Saturday, December 30, 2006

Corny clothes suddenly fashionable

Maybe Dow Chemical Co. really is gonna save the world. So forget all those mean-spirited things we've been saying about their TV ad campaign.

Dow, the company we love to pick on (since it' the biggest kid on the block around these parts), has helped developed a new synthetic fiber made of corn.

This can be used to make clothes and other stuff in an environmentally friendly manner.

Ingeo, the new fiber developed by Cargill and Dow Chemical literally means “ingredients from the earth.”

Ingeo is the world’s first and only ‘greenhouse neutral’ polymer and achieves a 68 percent reduction in fossil fuel use compared with traditional plastics.

“This is one of the most significant developments in the textile industry of our generation,” said Engro CEO, Larry Grider
, it says here.

Here's how it's made:
First, sugar is extracted from the corn kernel.

The sugar is then fermented and transformed into a high performance polymer and the Ingeo fiber is extracted. The remaining proteins, oils and fibers of the corn kernel remains can be used for livestock feed.

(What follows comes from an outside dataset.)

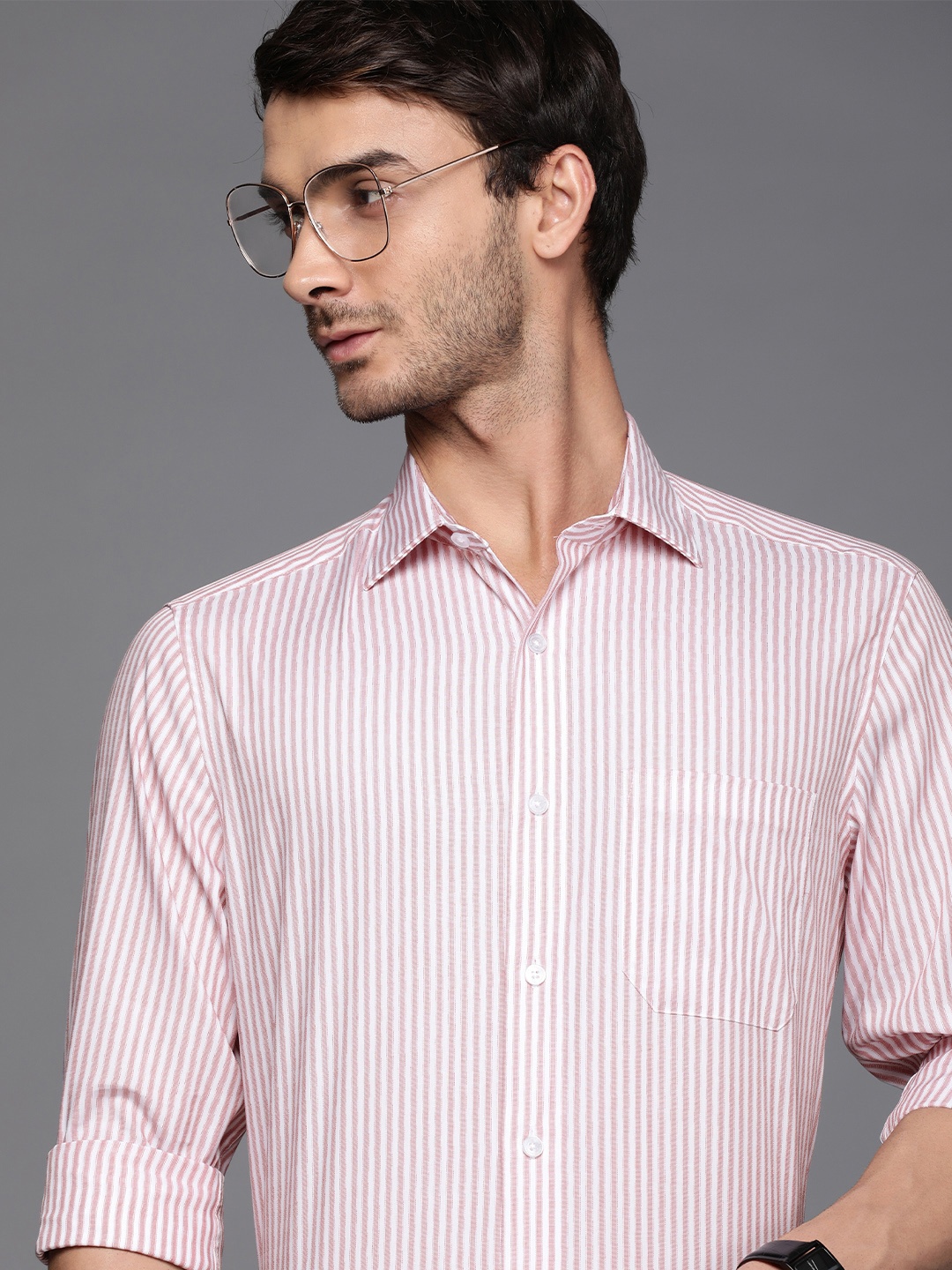 

Louis Philippe Pure Cotton Classic Fit Striped Formal Shirt, Pink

Ingeo uses a minimum amount of energy to produce the corn-based fiber—as much as 68 percent less than required for synthetics, and it generates 15 percent to 60 percent less greenhouse gases than the material it replaces.

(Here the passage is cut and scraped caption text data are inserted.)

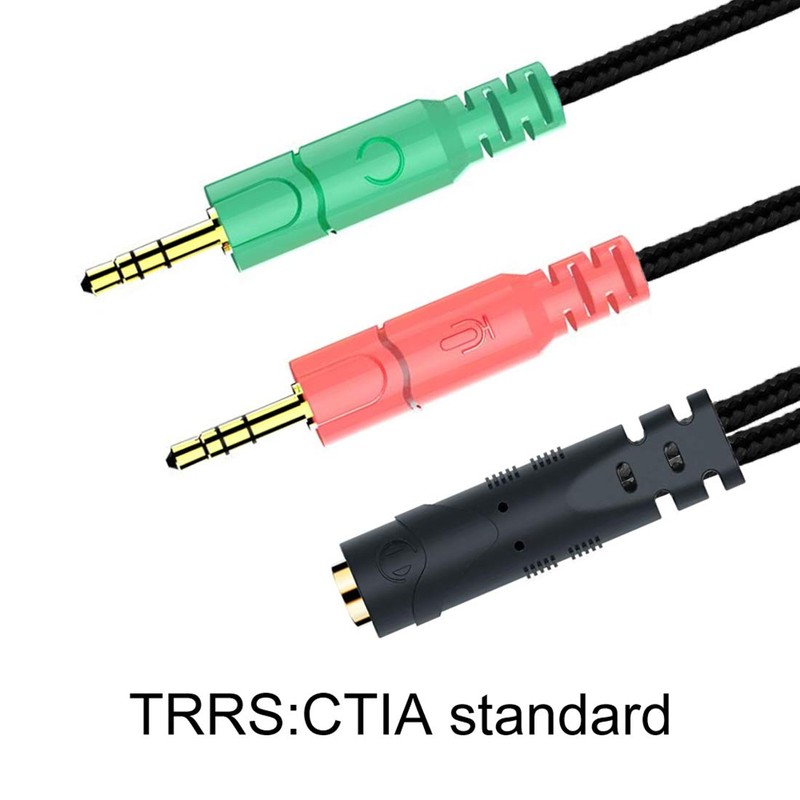 ENVEL 4極 3極 変換 ヘッドセットスプリッターケーブル (4極メス - 3極オス×2) PC用3.5mmヘッドホンアダプター メスヘッドフォン/マイク付きデュアル3.5mmオスに変換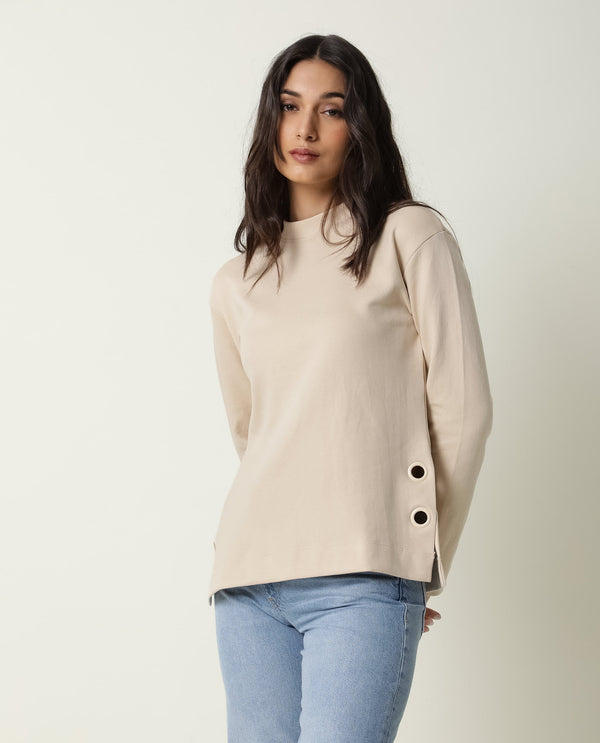 Rareism Women Ross Beige Cotton Fabric Regular Fit High Neck Full Sleeves Solid Top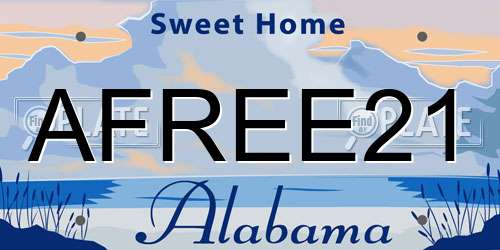 AFREE21 Alabama License Plate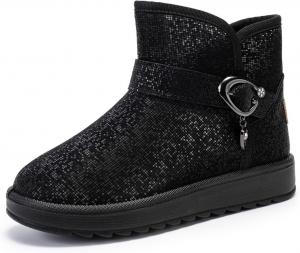 Женские зимние ботинки с искусственным мехом, легкие, с противоскользящей подошвой, плоские ботильоны до щиколотки для дома и улицы, теплые уютные снегоступы с декоративной пряжкой WUNAMOX, Black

If this can help save the polar bears, we're all for it. Now, if Dow can just resolve this Bhopal public relations disaster, maybe we'll get off their back.

1 comment:

jdallen said...

I worked with some of that stuff a few years ago, in some of its earliest incarnations, trying to extrude it into pellet mixtures.

Most people don't realize how many tries it takes to make a polymer (of any chemical, much less a vegatable)that is fit to use to make something.

The first few efforts are usually kaka. That is the way that stuff was then. It was a damn good idea. I am glad they have made so much progress. But just wait - there will be lots more, now.